The Network team for a large government agency needed to monitor network performance and ensure that all users had access to their applications. With over 40 mission critical applications to deliver, the networking team was constantly fighting fires with application performance, and was often blamed when there was an outage.
The Networking team began to notice some HTTP errors occurring. They began their investigation by looking to see whether there were any DNS errors, as this was a common issue in their hyper-dynamic environment. In this case, an application had recently experienced a service level event that caused failing over the virtual machine to a new server, resulting in a change of the IP address. Any clients who accessed this application without the proper DNS resolution would see an error.
To solve this problem the Networking team needed to gain visibility into the client or check the DNS servers and investigate which clients are impacted by this error.
- Persistent and non-invasive real-time monitoring of network, and application health and performance
- Visibility into the root cause of application performance issues or service disruptions
- Ability to cross domains from networking to client monitoring, in order to isolate the impacted users and understand how to resolve the issue
Some users were unable to access an application that had recently failed over to a new host server. To isolate and solve for this problem, the networking team needed a way to proactively detect when this problem was occurring, isolate which users were impacted, and understand what in the configuration was causing the issue.
With the ExtraHop platform, the IT team was able to monitor the real-time health and performance of the network. They saw that the network was operating effectively, but noticed that some users were getting HTTP errors. It was clear that this was an isolated issue, not a network wide event, but what wasn't yet clear was why these clients were not able to access the application they were attempting to use.

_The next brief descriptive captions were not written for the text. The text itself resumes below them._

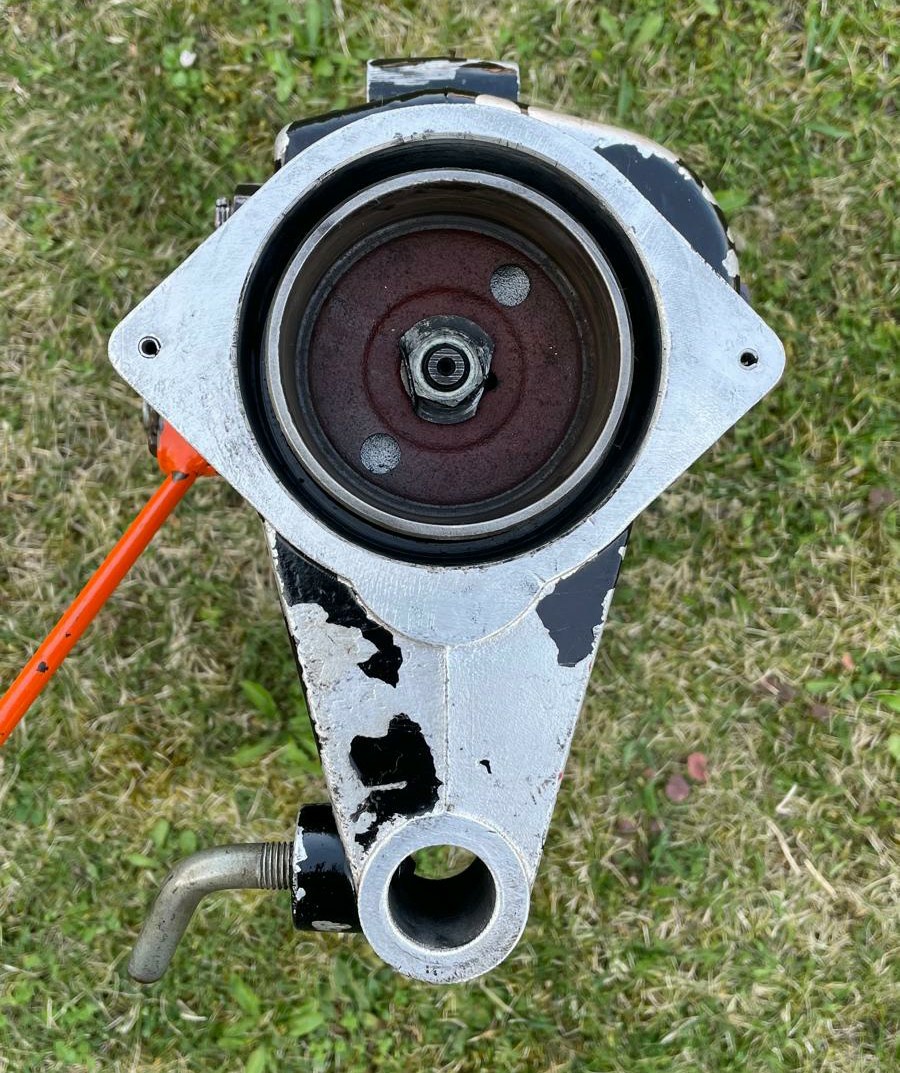 Vari Tera DSK 317 - ZASLÁNÍ ZDARMA - 4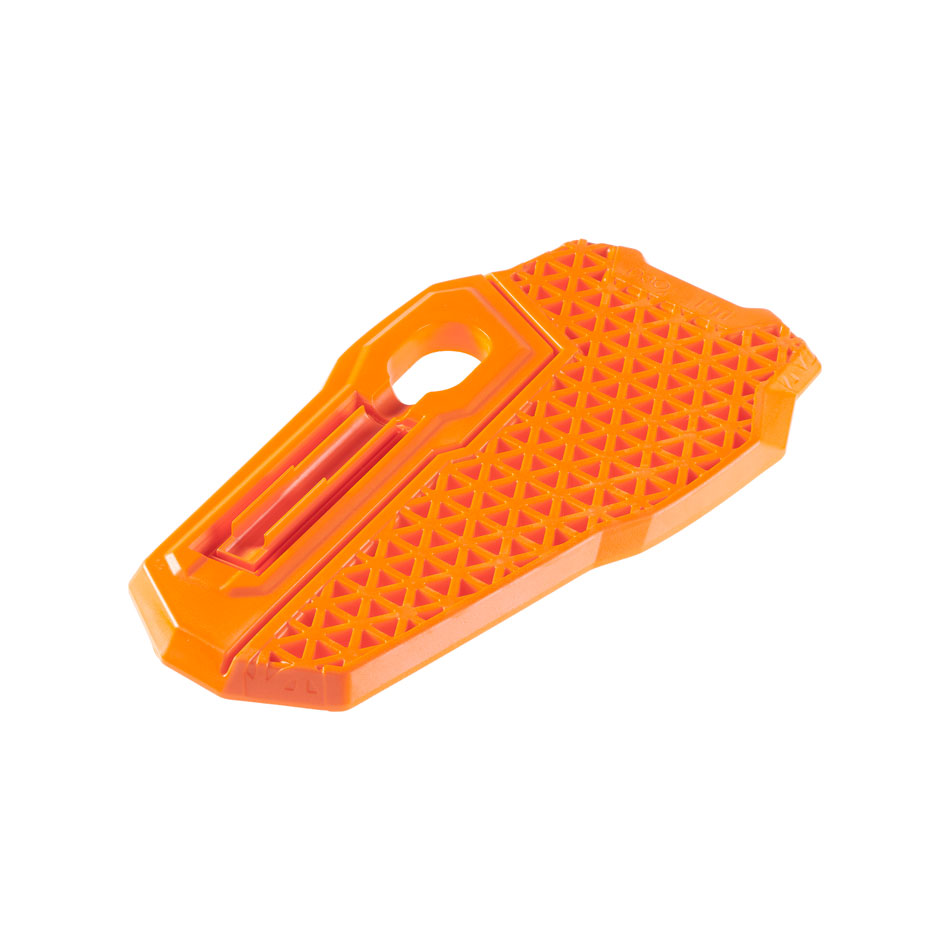 00P_7859_332_vignettes_0_7859-332_2_1767779908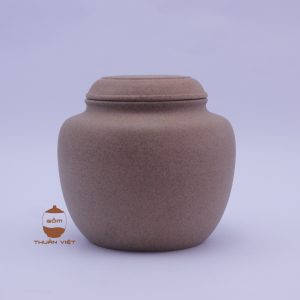 D89 dry tea container 02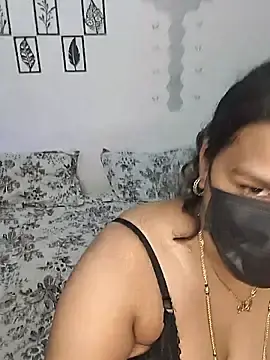 Stripchat Sex Cam of Bangalore_Couples_69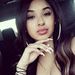 Profile Picture of America Ruby Muro :-* (@americarubym) on Pinterest
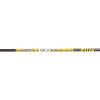 (image for) Victory VAP Hunting Elite (±0.001) Carbon Shaft (x12)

The team was able to see these 404 errors and which clients were experiencing them with the ExtraHop Discover Appliance and their real-time dashboards. They then pivoted to the ExtraHop Explore Appliance, which offers rapid multi-dimensional search. They first looked at the HTTP traffic to the client to determine that the client had networking access, and found that it was not a L3 or L4 issue. Investigating more deeply with the 404 error code, they were able to see that it was an isolated issue with an application server. Diving deeper into the impacted clients, they were able to see that it was a client side issue where there was a DNS resolution problem.
With ExtraHop, the networking team had access to vital information that wasn't available before with their NetFlow tools. They used this information to understand the full scope of the issue and which users were impacted, and ultimately find and resolve the source of the disruption all by using one solution that gave cross-domain visibility.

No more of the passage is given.